### Required work
Please transcribe the data that follows exactly as given, leaving out every picture.

### Supplied material
# # # # # # #

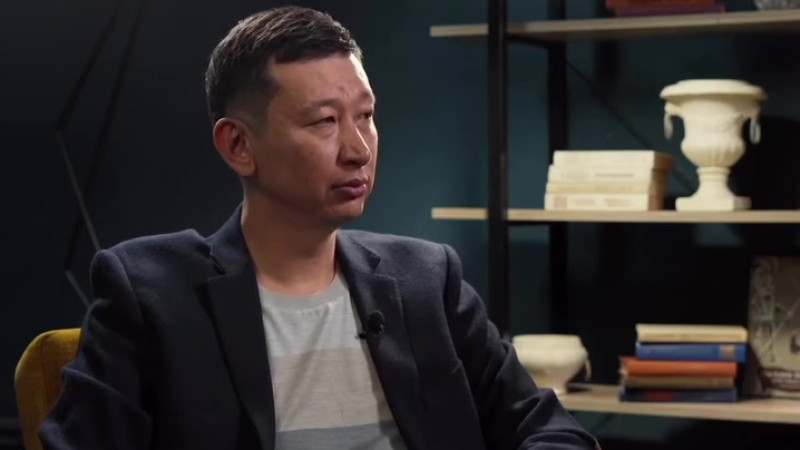 Алишер Еликбаев. Кадр из видео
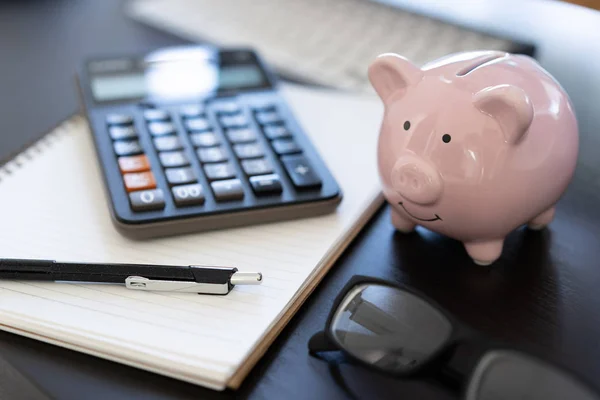 お金を数える Piggybank 電卓のデスクとビジネス ドキュメント電卓 — ストック写真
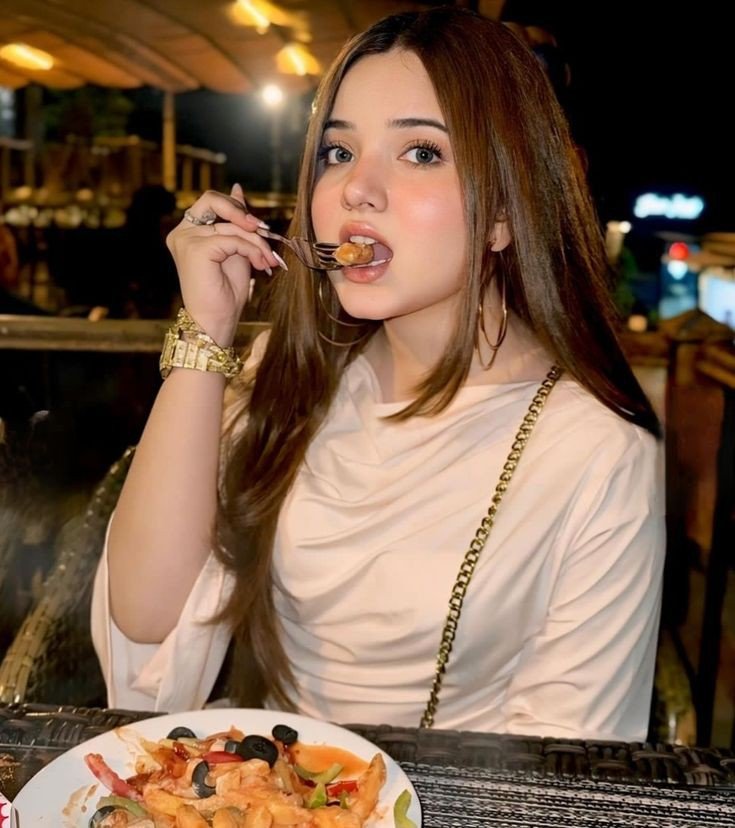 girl-photo-dp-comment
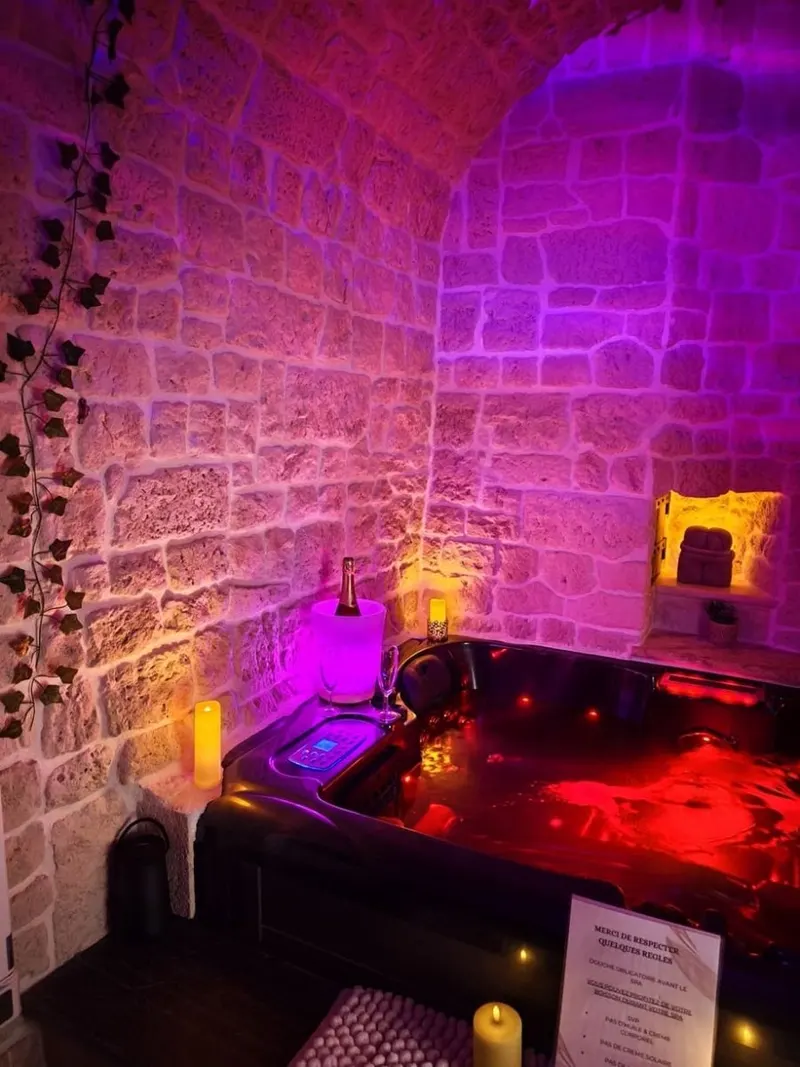 La Tour Secrète à Vinassan — maison sur trois niveaux, jacuzzi et sauna en option à Vinassan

# # # # # # #

### Completed exercise
 Алишер Еликбаев. Кадр из видео
 お金を数える Piggybank 電卓のデスクとビジネス ドキュメント電卓 — ストック写真
 girl-photo-dp-comment
 La Tour Secrète à Vinassan — maison sur trois niveaux, jacuzzi et sauna en option à Vinassan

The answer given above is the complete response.